WORK REQUIRED: For every line of the material below, check for the string "Chapter" and return the line if it is there.

RECORDS SHOWN:
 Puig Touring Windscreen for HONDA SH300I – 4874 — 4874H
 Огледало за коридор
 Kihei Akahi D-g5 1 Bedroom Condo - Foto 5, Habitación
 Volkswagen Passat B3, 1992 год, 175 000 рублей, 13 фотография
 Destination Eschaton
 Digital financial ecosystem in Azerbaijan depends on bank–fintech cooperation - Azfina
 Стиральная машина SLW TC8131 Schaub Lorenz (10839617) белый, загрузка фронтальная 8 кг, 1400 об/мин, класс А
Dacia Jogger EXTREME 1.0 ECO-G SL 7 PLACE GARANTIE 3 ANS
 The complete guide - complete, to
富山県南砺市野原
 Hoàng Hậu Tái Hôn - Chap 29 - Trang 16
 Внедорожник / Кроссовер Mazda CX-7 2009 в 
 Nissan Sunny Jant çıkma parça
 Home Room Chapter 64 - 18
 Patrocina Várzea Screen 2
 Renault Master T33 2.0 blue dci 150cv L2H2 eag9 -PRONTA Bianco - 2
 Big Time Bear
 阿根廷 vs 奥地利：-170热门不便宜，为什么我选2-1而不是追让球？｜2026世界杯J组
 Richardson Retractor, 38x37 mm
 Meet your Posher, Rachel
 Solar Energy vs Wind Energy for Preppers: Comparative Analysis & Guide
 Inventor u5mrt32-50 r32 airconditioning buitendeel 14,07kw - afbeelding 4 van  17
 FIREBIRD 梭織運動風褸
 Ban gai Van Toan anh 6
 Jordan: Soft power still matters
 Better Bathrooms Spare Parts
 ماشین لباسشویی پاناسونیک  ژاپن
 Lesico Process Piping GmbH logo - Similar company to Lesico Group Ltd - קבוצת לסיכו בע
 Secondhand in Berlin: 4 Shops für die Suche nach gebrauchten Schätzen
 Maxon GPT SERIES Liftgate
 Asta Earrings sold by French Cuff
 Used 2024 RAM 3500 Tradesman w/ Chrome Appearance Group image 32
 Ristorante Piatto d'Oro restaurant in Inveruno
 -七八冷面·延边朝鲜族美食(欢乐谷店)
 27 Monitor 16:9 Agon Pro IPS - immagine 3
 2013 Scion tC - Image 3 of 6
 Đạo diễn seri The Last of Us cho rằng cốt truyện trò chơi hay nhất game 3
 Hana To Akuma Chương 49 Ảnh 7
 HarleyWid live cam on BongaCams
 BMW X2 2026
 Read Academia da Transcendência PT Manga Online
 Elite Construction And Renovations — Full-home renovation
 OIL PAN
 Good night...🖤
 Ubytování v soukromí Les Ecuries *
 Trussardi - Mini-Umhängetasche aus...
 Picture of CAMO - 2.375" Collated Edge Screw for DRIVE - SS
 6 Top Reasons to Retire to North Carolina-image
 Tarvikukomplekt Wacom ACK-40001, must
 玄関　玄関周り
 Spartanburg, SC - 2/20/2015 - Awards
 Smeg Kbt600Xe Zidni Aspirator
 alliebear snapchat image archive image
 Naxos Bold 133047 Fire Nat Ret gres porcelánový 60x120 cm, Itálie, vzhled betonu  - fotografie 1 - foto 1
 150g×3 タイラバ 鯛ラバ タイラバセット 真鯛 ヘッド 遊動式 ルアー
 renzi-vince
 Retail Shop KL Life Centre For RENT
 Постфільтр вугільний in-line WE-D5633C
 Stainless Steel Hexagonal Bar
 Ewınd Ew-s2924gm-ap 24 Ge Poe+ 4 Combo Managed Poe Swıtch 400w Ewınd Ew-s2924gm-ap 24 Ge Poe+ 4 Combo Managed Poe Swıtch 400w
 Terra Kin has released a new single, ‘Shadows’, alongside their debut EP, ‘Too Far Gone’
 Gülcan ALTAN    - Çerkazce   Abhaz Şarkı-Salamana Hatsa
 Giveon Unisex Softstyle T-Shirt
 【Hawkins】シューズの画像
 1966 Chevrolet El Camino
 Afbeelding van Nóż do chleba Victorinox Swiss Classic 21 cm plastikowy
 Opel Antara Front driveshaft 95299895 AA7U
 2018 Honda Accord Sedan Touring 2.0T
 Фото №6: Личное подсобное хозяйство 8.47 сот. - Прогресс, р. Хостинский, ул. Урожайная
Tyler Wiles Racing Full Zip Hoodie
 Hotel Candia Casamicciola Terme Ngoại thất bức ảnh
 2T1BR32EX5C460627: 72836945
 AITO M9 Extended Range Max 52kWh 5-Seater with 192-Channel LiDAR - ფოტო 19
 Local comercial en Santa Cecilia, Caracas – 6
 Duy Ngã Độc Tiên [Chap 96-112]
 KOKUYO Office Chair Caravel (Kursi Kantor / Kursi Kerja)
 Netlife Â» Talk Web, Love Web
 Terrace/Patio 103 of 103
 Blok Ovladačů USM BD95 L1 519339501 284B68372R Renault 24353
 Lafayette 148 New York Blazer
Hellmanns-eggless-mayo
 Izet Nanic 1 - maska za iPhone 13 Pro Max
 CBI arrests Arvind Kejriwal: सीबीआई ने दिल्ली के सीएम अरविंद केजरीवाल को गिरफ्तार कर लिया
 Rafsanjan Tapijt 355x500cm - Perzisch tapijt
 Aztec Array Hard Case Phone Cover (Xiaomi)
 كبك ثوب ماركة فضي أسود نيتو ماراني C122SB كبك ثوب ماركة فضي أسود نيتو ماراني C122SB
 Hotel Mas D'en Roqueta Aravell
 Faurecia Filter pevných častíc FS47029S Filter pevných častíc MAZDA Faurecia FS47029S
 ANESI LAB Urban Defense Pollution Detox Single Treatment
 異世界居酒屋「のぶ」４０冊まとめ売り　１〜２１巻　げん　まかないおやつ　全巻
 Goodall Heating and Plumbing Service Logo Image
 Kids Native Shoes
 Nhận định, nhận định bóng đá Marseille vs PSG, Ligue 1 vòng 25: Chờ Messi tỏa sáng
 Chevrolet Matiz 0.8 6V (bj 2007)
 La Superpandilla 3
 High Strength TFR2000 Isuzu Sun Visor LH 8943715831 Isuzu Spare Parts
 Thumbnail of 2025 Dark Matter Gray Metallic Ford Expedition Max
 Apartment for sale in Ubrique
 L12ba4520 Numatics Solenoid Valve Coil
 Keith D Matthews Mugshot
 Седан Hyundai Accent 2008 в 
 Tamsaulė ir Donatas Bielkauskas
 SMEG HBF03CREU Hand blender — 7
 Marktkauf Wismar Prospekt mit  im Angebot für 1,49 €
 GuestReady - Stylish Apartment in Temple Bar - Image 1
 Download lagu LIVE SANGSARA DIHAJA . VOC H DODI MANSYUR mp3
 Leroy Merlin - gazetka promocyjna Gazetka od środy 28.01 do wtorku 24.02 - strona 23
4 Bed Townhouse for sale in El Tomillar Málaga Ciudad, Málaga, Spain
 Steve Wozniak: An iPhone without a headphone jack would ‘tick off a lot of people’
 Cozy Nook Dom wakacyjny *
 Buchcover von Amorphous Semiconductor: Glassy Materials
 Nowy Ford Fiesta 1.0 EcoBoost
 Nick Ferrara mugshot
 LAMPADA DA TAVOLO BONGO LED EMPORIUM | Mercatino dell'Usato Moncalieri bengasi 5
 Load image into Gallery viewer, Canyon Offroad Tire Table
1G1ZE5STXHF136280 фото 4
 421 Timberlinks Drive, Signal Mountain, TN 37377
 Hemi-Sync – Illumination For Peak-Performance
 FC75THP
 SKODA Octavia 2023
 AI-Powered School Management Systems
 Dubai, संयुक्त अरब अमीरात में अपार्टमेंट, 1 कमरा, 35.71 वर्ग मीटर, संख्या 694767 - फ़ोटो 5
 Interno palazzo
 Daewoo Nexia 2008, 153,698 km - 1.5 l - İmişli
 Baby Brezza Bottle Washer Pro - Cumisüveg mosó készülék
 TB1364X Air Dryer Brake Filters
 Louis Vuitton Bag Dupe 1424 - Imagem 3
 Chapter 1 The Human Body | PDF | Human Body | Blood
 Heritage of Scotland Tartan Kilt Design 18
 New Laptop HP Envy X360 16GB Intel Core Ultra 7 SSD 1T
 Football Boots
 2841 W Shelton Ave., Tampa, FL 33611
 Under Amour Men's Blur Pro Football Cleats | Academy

OUTPUT FOR THIS TASK:
 Home Room Chapter 64 - 18
 Chapter 1 The Human Body | PDF | Human Body | Blood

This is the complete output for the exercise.